As best I could, I yelled after her that spying is not exactly something you achieve by trying to see in someone’s window you’re falling past at that incredible speed that falling things all travel at. I’m certain anyone who has ever had any success at spying can verify that fact. Spying is a real dig-your-heels-in kind of chore. It’s not done on the fly. If I had been able at that moment to drag myself into the house, I would have gotten the Policy Director of the CIA on the phone to verify that their spies do not jump off roofs or out a window to grab a peek into another window. Even for a government that’s not exactly known for being cost-conscious, that would be a pretty inefficient use of their highly trained personnel.

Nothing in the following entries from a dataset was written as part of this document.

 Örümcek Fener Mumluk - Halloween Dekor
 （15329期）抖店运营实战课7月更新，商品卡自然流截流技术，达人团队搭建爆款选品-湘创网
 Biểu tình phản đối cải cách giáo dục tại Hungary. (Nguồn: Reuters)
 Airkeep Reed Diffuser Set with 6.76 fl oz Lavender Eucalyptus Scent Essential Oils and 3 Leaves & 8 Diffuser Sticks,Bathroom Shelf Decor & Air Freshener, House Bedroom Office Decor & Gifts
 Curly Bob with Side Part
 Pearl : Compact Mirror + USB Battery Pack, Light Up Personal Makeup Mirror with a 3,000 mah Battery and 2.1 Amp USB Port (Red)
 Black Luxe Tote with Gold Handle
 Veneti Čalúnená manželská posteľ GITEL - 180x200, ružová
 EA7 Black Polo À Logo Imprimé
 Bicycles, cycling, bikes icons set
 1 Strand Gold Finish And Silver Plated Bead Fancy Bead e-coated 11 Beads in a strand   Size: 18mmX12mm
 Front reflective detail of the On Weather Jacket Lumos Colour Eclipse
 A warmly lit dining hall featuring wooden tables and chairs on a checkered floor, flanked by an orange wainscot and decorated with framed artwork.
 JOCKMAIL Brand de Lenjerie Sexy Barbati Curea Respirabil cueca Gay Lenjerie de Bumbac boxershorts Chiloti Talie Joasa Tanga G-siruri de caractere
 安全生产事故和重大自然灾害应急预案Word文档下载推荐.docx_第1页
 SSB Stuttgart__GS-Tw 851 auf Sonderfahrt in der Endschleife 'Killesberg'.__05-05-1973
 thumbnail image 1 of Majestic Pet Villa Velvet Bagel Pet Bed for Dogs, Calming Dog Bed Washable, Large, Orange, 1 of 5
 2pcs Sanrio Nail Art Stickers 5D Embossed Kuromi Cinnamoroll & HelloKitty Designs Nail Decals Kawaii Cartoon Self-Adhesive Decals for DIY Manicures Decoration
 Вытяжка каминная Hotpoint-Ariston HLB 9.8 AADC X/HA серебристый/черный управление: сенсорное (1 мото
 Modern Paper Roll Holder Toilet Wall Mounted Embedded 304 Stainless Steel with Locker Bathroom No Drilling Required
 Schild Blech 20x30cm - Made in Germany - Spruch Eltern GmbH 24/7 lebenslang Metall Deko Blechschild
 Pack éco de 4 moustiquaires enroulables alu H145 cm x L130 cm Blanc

I was not spying. I do not spy. Now or ever. But that was the fifth time.
• • •
I had to make a compromise with Dr. Goldberg or he swore he wouldn’t be my doctor anymore. I had to promise I’d only go up on the roof if there was an absolute roof emergency. Or if there was a flood and the whole house was floating away. Connie and I could sit on one of the dormers tightly holding onto one another. A little scary but romantic.
We didn’t go too deeply into what would constitute a “roof emergency,” but as soon as they take these screws out of my jaw and forehead and the brace comes off of my head, I’ll be able to sit at the kitchen table and make up a list of what would “constitute” a “roof emergency.” A loose weather vane would probably qualify. That’d be one.